Ermeni tasarısı

Ermeni tasarısı

Ermeni tasarısı ABD temsilciler meclisi dış ilişkiler komisyonundan geçti. Tasarının kongreye götürülüp götürülmeyeceği önümüzdeki günlerde belli olacak.
Bu kararın Türk-amerikan ilişkilerini derinden sarsacağı muhakkak. 70 Milyonluk Türkiye ve 250 Milyonluk Türk dünyasına karşı 2.5 milyonluk Ermenistan’ın tercih edilmesi ABD dış politika yapıcılarının ufkunu gösteriyor.
Karar Ermenistan ile Türkiye arasında başlayan ve protokole bağlanan görüşmeleri de etkileyecektir.
Türkiye baskılara ters tepki veren bir ülke.
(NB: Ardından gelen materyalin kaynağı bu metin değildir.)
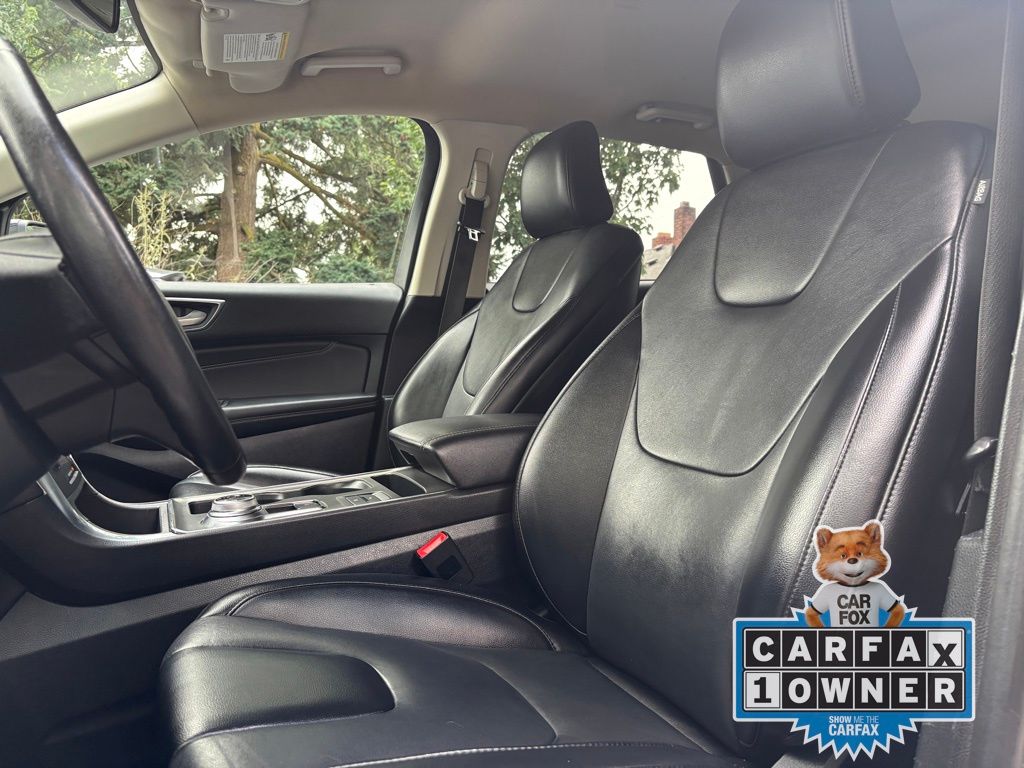 2022 Ford Edge Titanium photo 24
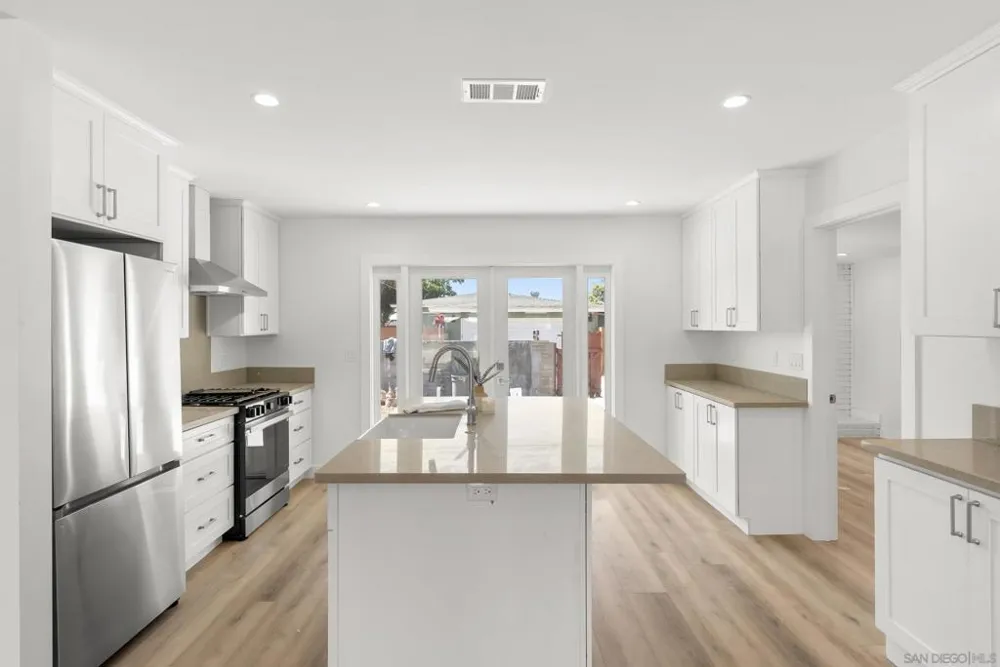 291 Ebony Avenue Imperial Beach, CA 91932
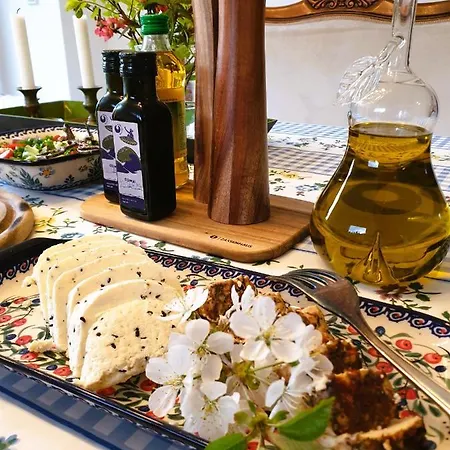 Lipolas-slowlife&guesthouse Фермерский дом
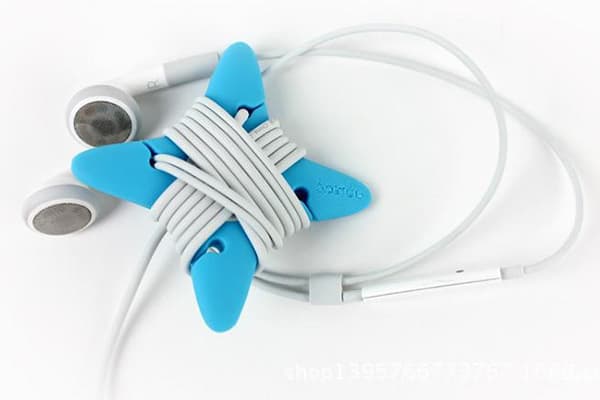 Special organizer for headphones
Toplum olarak dayatmalara karşı reaksiyonu olan bir ülkeyiz. Bu karardan sonra da ABD karşıtı tepkiler gelişecek,tarihi dostluk bir defa daha yara alacaktır.
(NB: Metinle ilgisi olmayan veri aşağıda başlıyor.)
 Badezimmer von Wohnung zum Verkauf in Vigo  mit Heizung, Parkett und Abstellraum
Tehcir esnasında bir kısım Ermeni’nin telef olduğu bir gerçektir. Ancak bunu bilinçli bir soy kırım olarak nitelemek haksızlıktır. Yol şartları, hastalık zaman, zaman eşkiyaların baskınları sayıları 30 ila 40 bin civarında olan Ermeni’nin telef olmasına yol açmıştır.O tarihte Ermeni çetelerinin yaptıkları katliamlarla toplumda uyandırdıkları haklı nefret duygusunu da unutmamak lazım.Asırlarca problemsiz yaşayan halkların birden bire boğazlaşmasının sebeplerini iyi anlamak gerekiyor.Arkadan vurulan, köyleri,meraları yakılan hiçbir millet yapılanları sineye çekmez.Kılıcın karşılığı kılıçtır. O tarihte yapılanları da bu perspektifte değerlendirmek gerekir.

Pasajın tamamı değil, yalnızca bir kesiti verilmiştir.